Sorry that I have to make a change that 調頻 should pronunce tiaopin, not diaopin 'cause it is going to change the pin, so 調tiao (means change). That means the 汉语词典 has an error. It is truly confusing because 調頻 is not being used in everyday life.

Hoochew Chinese also has two different pronunciation for 調, dieu or deu. But, primarily Hoochew speak dieu for 調 in their mother tongue, which corresponds to official Mandarin 普通話 tiao.
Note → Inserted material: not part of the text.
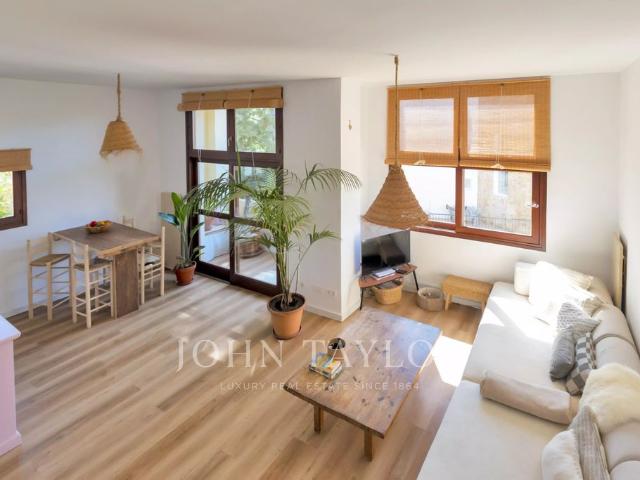 Exclusivo ático de 171 m2 en venta Santa Gertrudis de Fruitera, Baleares
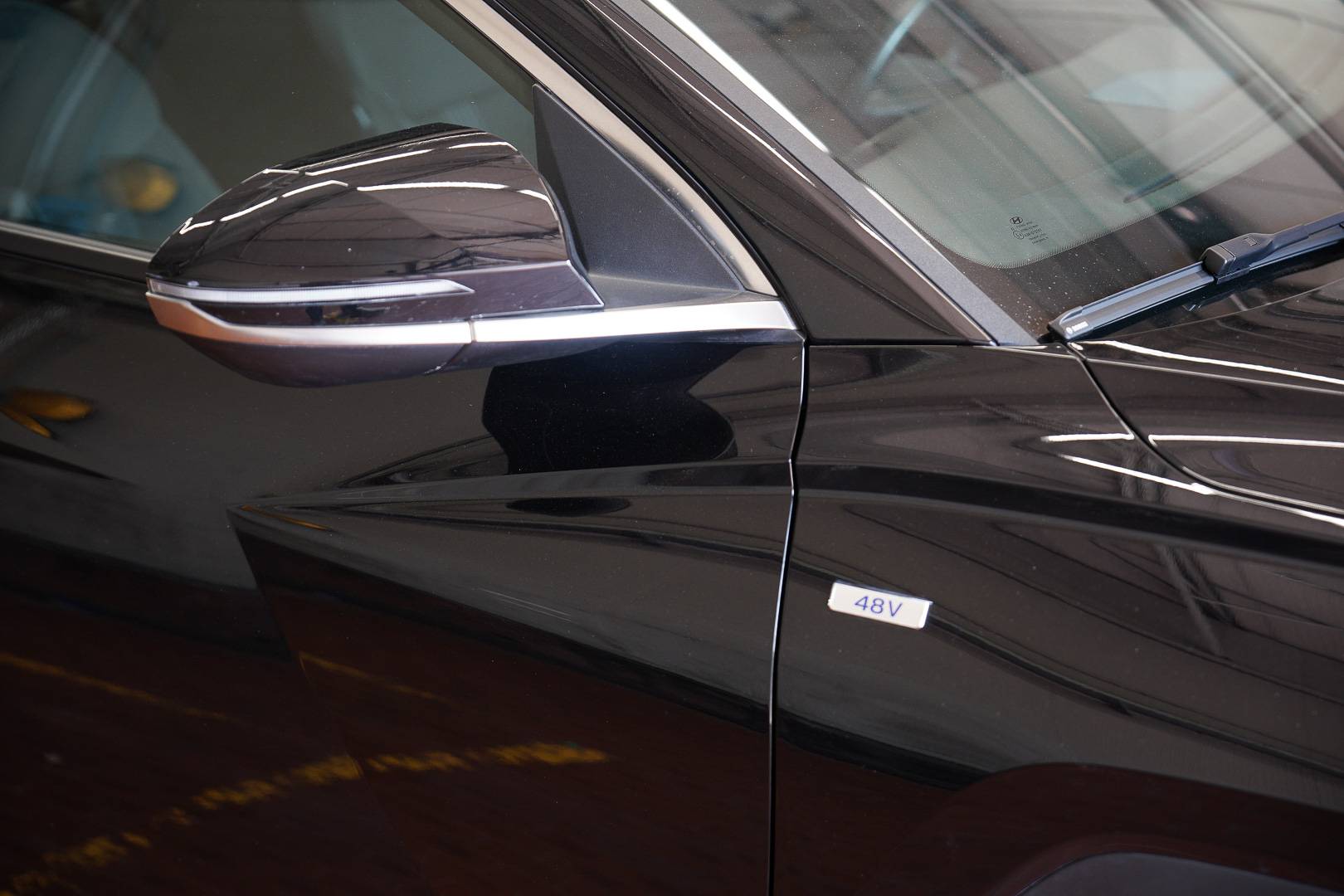 HYUNDAI Tucson - Foto 5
I would say Hoochew (Fuzhou) young generation clearly distinguishes 調整tiaozheng, 調頻tiaopin, and 聲調shengdiao. 

I can't speak for all Fujian people because Hoochew is different than Hokkien (閩南語) in southern Fujian, MinBei Chinese (閩北), and 莆仙 閩中語（三明）. Chinese languages are complicated that don't have very good intelligence. 

Regards
Florianus


----------



## patyl

Hi,

Speaking with my Cantonese tongue, I was quite sure there is another meaning when 調 is pronounced as diu6 while not being used as a noun as in 音調.  I decided to verify and found the following from my 中文字典 (香港華僑語文出版社, 1984, 32nd ed.):
(1) 進行訪查, eg. 調查
(2) 徵發,派發 eg. 徵調,調用,調兵遣將
(3) 安排,處置 eg. 調度,調任
(4) 更換 eg. 調動,更調,職務對調
None of them I would consider archaic.

Skatinginbc, I fully understand where your post is coming from.  I think it is worth the investigation instead of following a few links on the web which can be faulty and the faults being copied all over the place to create a sense of self assurance.

Regards


----------



## Skatinginbc

patyl said:


> Skatinginbc, I fully understand where your post is coming from.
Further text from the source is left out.